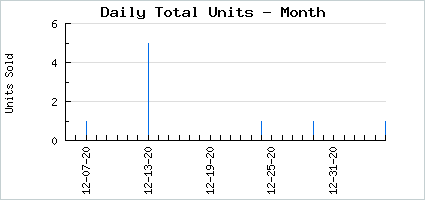 Sales volume of Vile Vacant Vessel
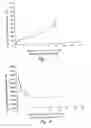 Fig. 09 - Anti-angiogenic compositions and methods of use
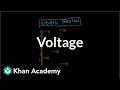 Understanding Electric Potential and Electric Potential Energy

## TASK DESCRIPTION
The answer must be the full listing above, copied exactly, with no pictures in it.

## ANSWER TO THIS EXERCISE
 Sales volume of Vile Vacant Vessel
 Fig. 09 - Anti-angiogenic compositions and methods of use
 Understanding Electric Potential and Electric Potential Energy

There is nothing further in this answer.